Os ensaios mais disruptivos são, no entanto, os que se centram em emoções vividas específicas. «Impostor Syndrome as a Public Feeling», de Maddie Breeze, é particularmente audaz. Fala do «sentimento de impostura», com o concomitante medo de ser descoberta enquanto «fraude» – um sentimento aparentemente frequente, íntimo e calado, aqui colocado em espaço público. Breeze propõe o seu reconhecimento, desestigmatização e despatologização, e a transformação deste sentimento em instrumento de ação política. Há aqui, de novo, a questionação da narrativa hegemónica do sucesso – ela própria uma impostura. A autora propõe que a «dúvida de si» seja deslocada do lugar que ocupa no indivíduo para a questionação dos parâmetros impostos e avaliação – onde reside a causa da dúvida.

Talvez o ensaio mais insurreto contra as regras de comportamento não escritas, mas nem por isso menos poderosas, em vigor na academia seja «Crying on Campus», de Daphna Hacker. O choro é, por excelência, uma expressão de emoção feminizada. Perturbando a lógica racionalista e masculina da academia, é estigmatizado e, por isso, rigorosamente controlado. Partindo da narrativa de quatro episódios de choro, Hacker defende a sua aceitabilidade em contexto académico, enquanto forma de expressão do humano.
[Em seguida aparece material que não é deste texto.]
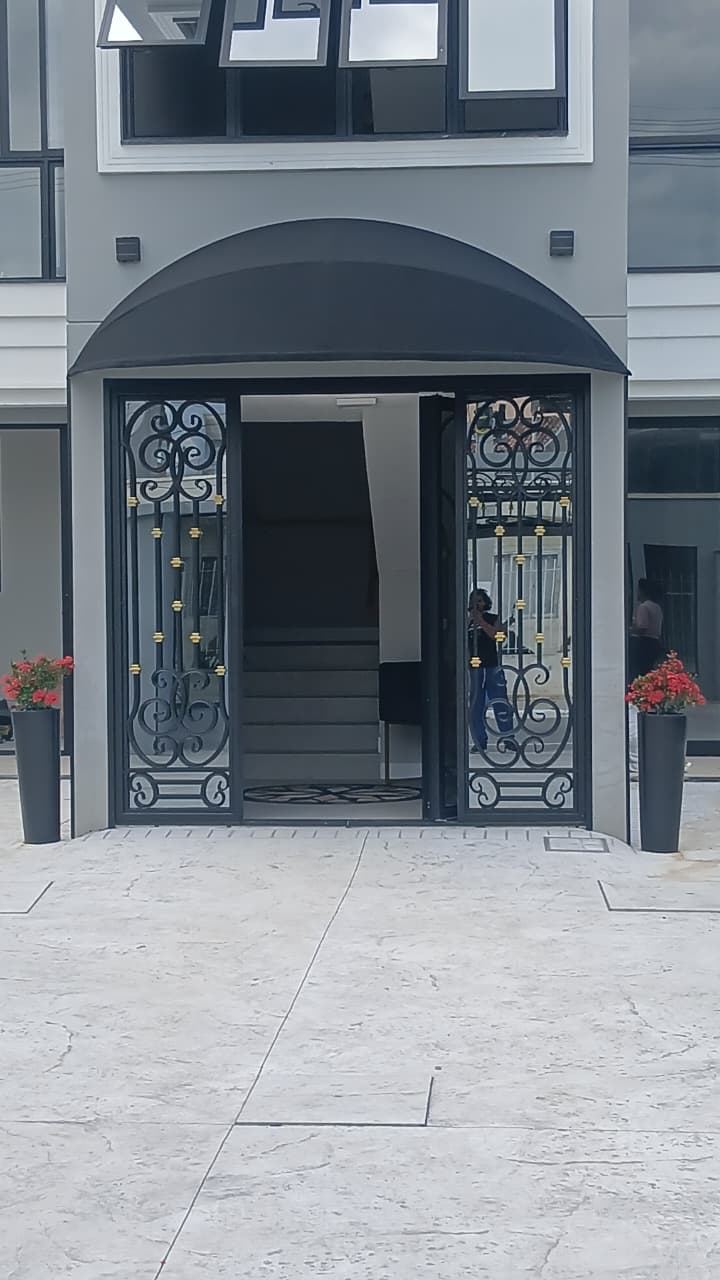 Foto de toldo instalado pela Paraná Toldos
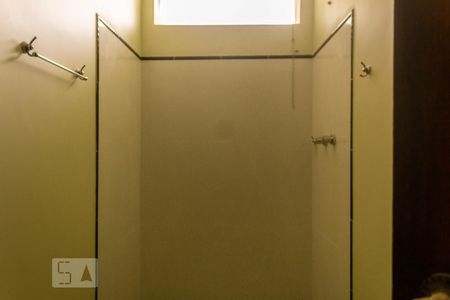 Casa à venda com 463m², 4 quartos e 5 vagas Casa à venda com 463m², 4 quartos e 5 vagasBanheiro Suíte 2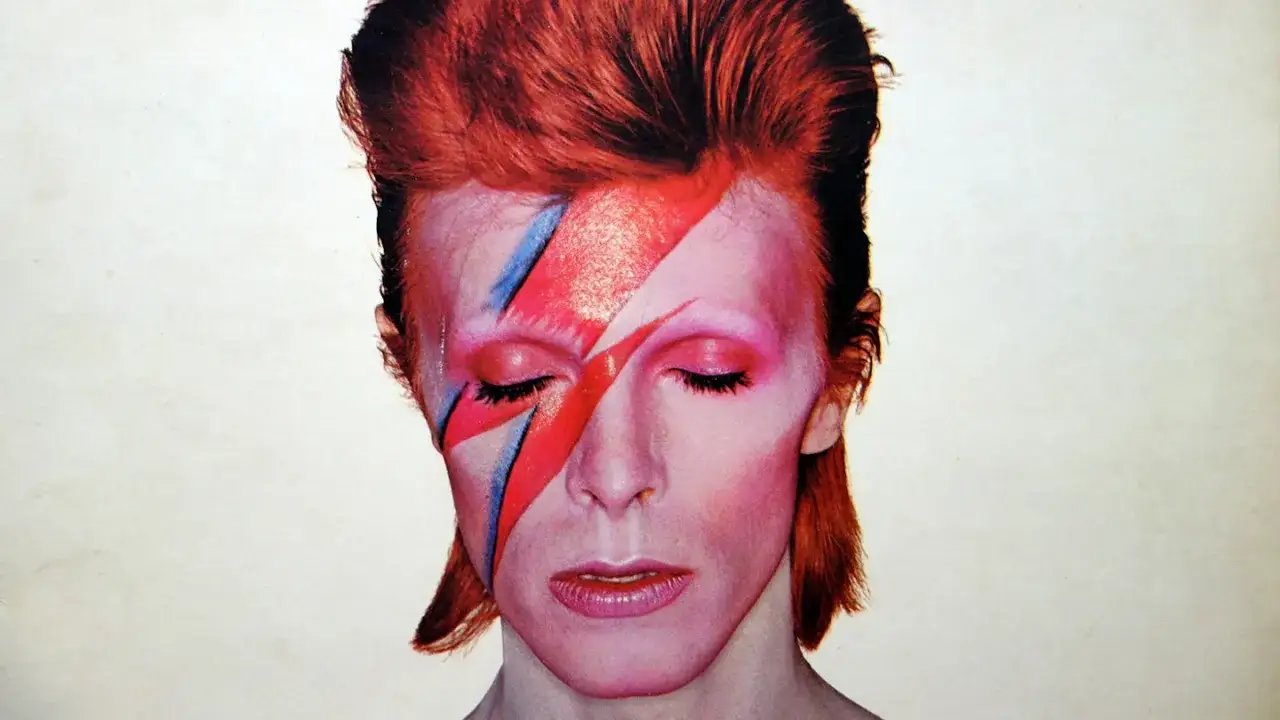 Ikoniczny makijaż Davida Bowiego z błyskawicą na twarzy, symbolizujący jego niezapomniane utwory.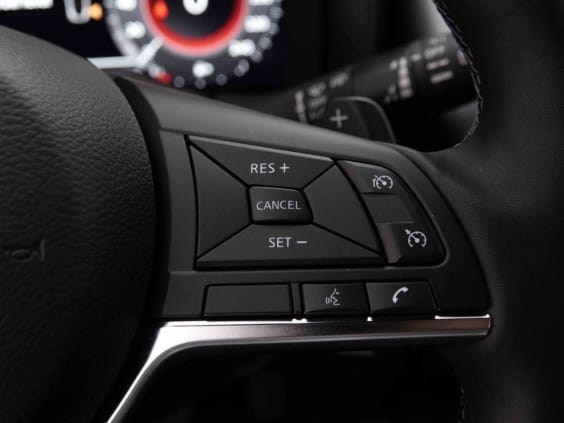 Nissan JUKE 1.0 DIG-T 114 DCT N-Connecta Noir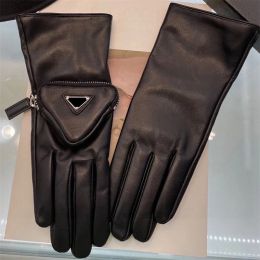 Conjuntos Cinco dedos Guantes Diseñador Guante Invierno Cuero Cálido Dedo Guantes Mujeres Lujos Diseñadores Mitones Bufanda Motocicleta Hombres y mujeres Guante Deporte Mitts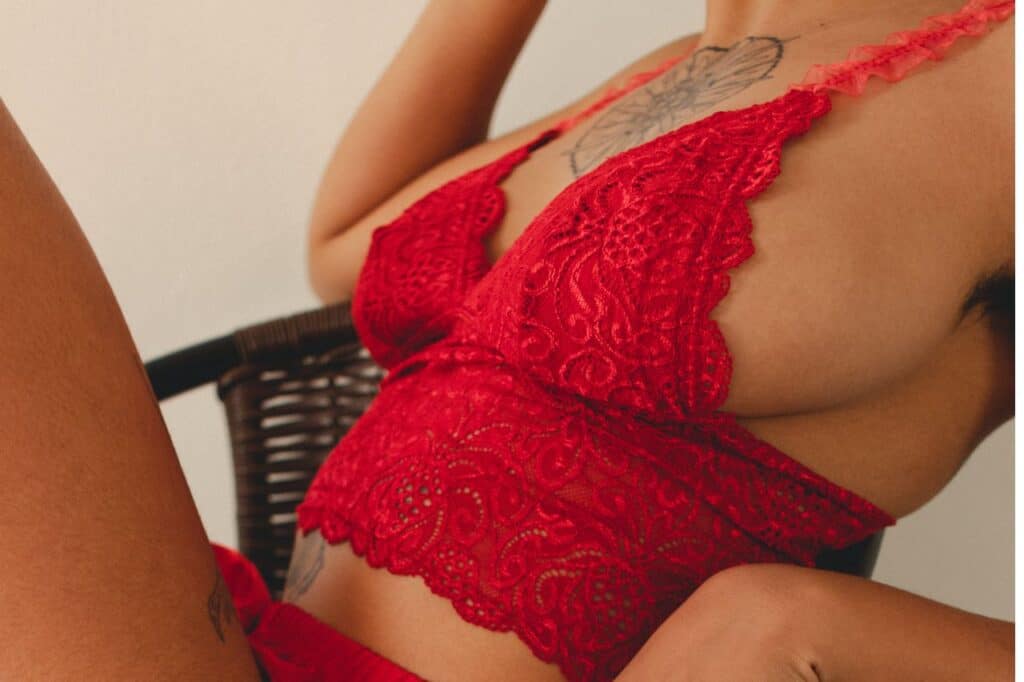 femme portant une bralette rouge sexy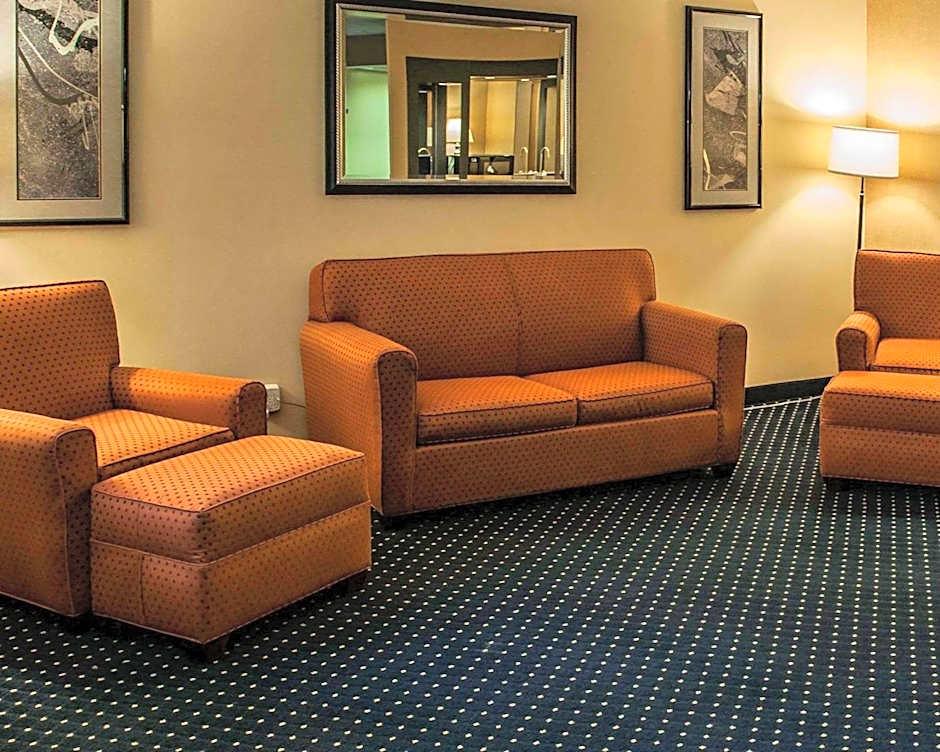 Quality Inn & Suites Goshen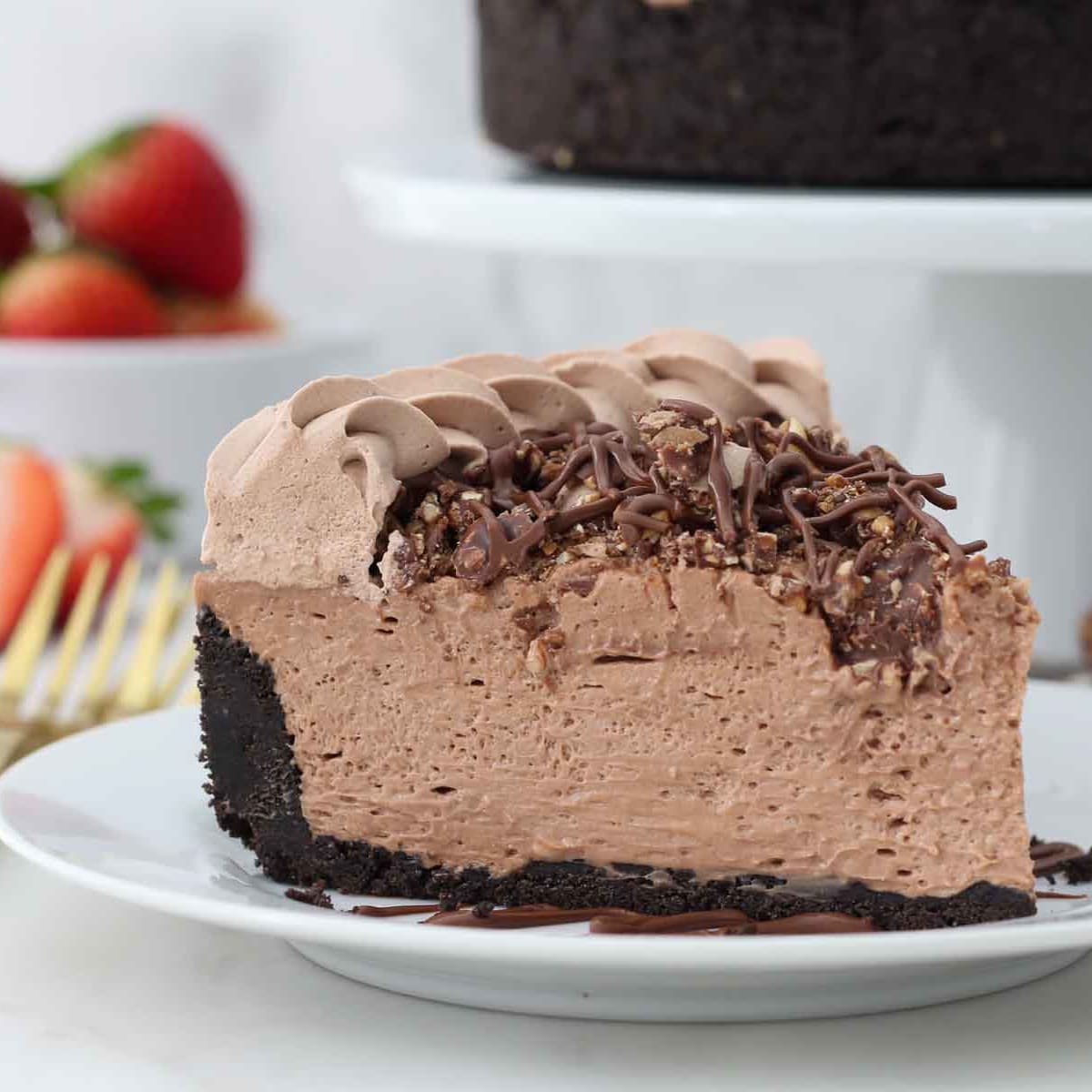 No Bake Nutella Cheesecake Recipe Food Fanatic I made this cake for dinner with friends yesterday and they immediately asked for the recipe. no bake nutella cheesecake recipe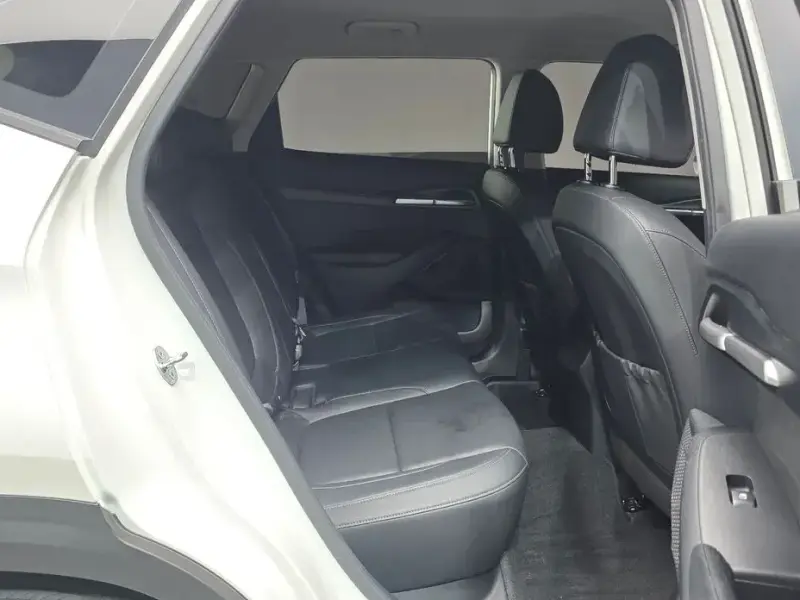 2024 Kia Seltos с пробегом 33 358 км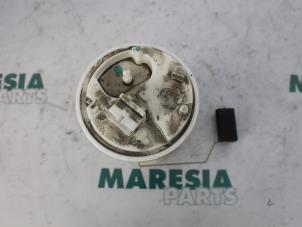 Gebruikte Brandstofpomp Elektrisch Alfa Romeo 147 (937) 1.6 Twin Spark 16V Prijs € 50,00 Margeregeling aangeboden door Maresia Parts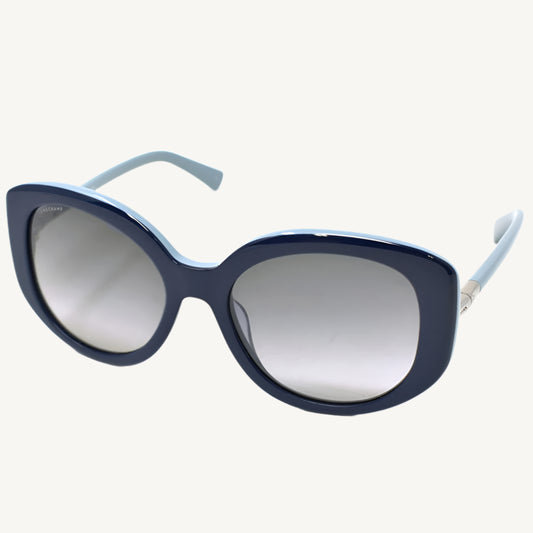 "Longchamp women's sunglasses, model LO601S-422, in elegant blue with classic square frame and modern French flair"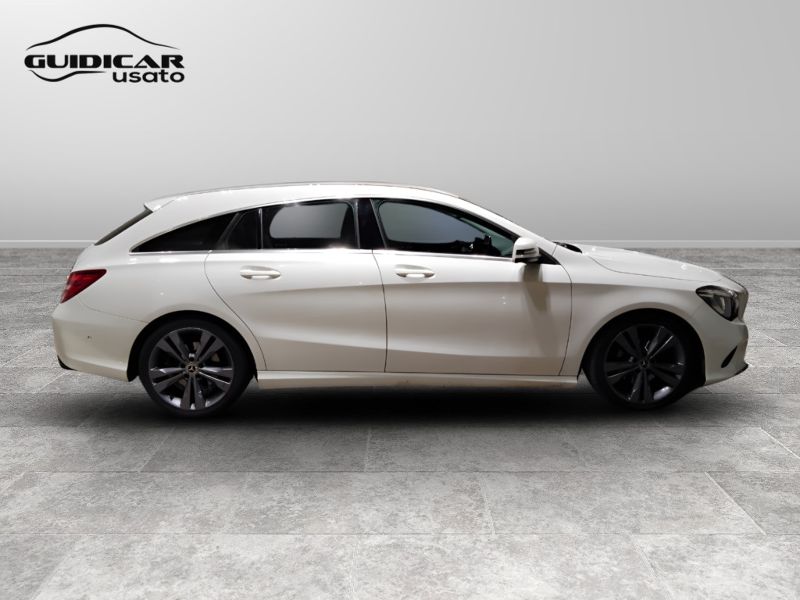 GuidiCar - Mercedes CLA 2017 CLA Shooting Brake 220 d Sport auto FL Usato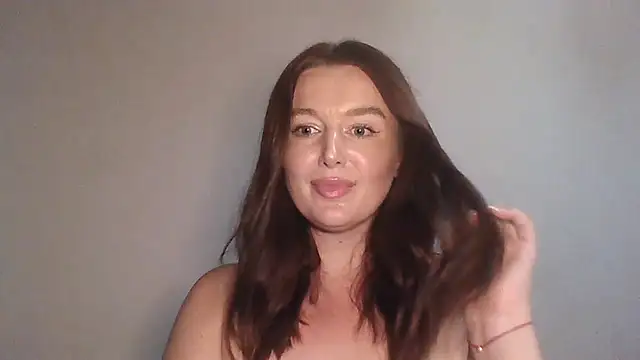 Chat +18 de LilianaSwetx ao vivo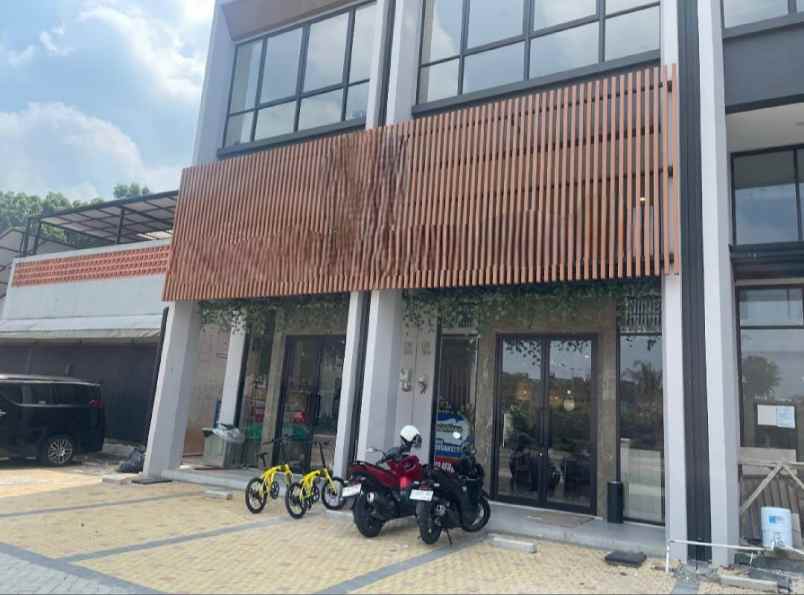 dijual ruko gudang kantor jalan raya quantum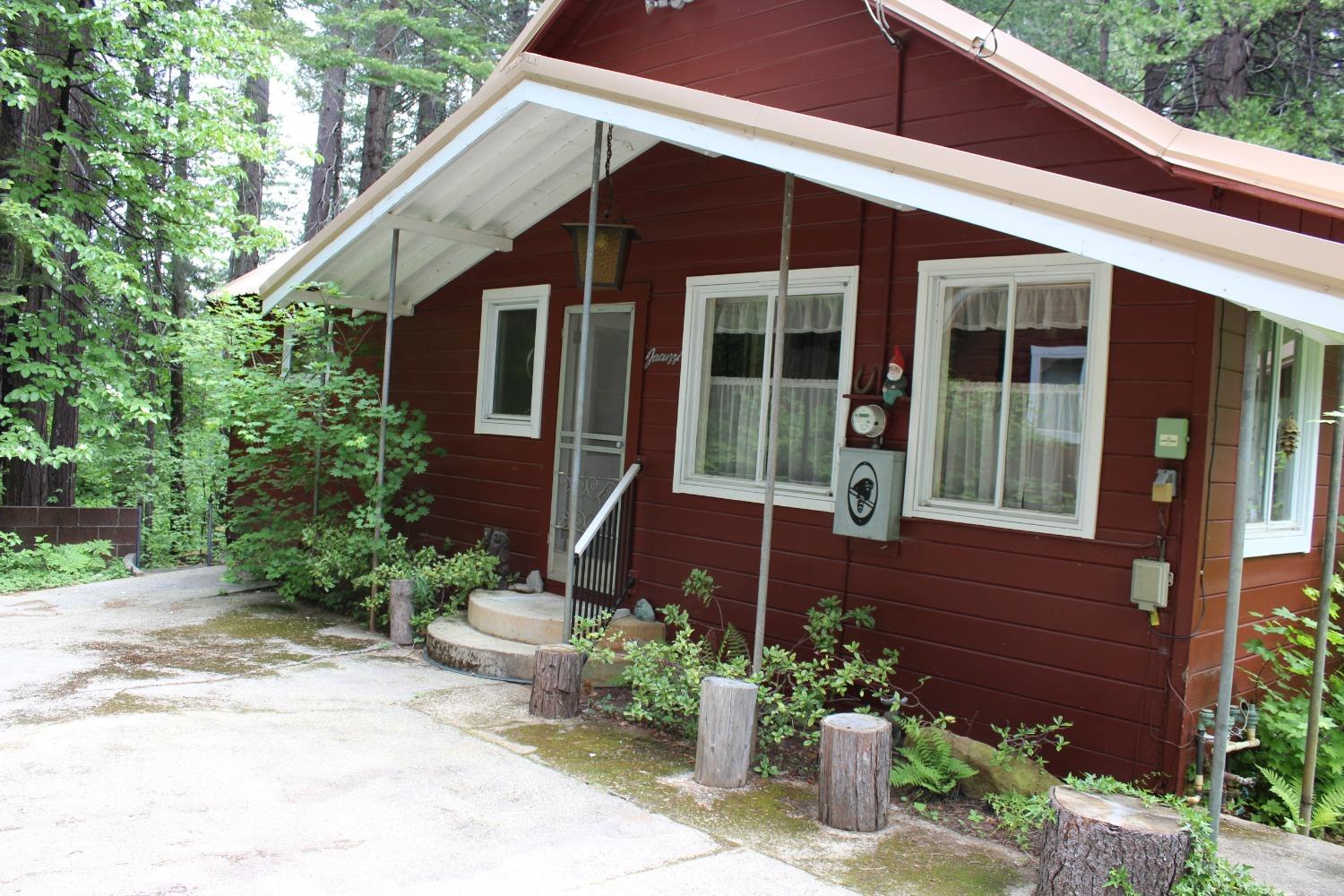 Photo of 13317 La Porte Rd in Strawberry Valley, CA
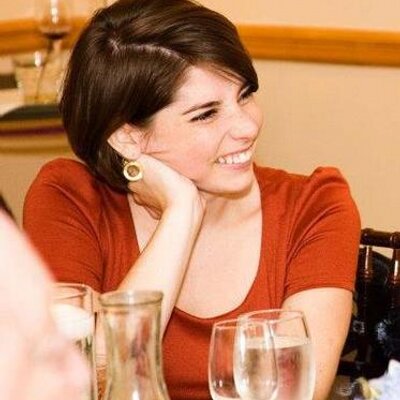 Profile Picture of Julia Beebe (@littlebeetoldme) on Twitter
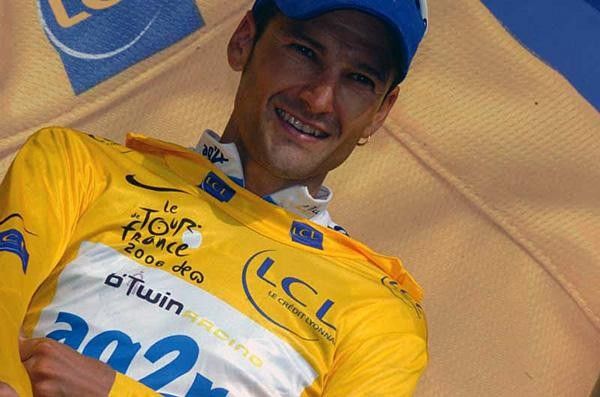 Cyril Dessel (AG2R) puts on the maillot jaune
Abordei os diferentes ensaios por uma ordem diversa daquela em que surgem publicados: Esta é uma leitura subjetiva, que segue uma lógica associativa e fundada também nas emoções de quem lê. Acresce que excluí a referência aos espaços concretos nos quais decorrem as experiências de vida de pessoas singulares, com circunstâncias específicas, que constituem estudos de caso; fi-lo deliberadamente. De facto, se estes estudos de caso só ganham o seu significado pleno no contexto em que ocorrem, cada um destes ensaios produz uma reflexão que pode migrar e, atravessando fronteiras geográficas e culturais, servir ainda para pensar as situações de novo concretas, materializadas noutros corpos, noutros lugares. No seu retrato da academia do presente, e nas propostas de formas possíveis de resistência, negociação e combate, este é um livro notável, cuja leitura recomendo. Emotionally speaking, it's a book after my own heart.